## HOW TO COMPLETE THIS TASK
Two lines in the listing below mark the span: one contains "Poster - Abstract" and one contains "Men’s Goodfellow &". Reproduce both of them and everything between, exactly.

## DATA EXTRACT

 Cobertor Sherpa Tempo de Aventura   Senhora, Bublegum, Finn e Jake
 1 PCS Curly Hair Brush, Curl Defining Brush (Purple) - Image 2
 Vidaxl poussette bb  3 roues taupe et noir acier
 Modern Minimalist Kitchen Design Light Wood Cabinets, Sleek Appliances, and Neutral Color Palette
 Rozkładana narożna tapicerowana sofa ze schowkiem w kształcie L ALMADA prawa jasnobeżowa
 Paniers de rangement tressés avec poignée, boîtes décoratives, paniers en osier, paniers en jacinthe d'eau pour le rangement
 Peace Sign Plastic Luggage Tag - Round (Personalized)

--

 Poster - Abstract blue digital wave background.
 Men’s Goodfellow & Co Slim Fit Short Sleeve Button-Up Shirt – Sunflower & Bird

## OUTPUT FOR THIS EXERCISE
 Poster - Abstract blue digital wave background.
 Men’s Goodfellow & Co Slim Fit Short Sleeve Button-Up Shirt – Sunflower & Bird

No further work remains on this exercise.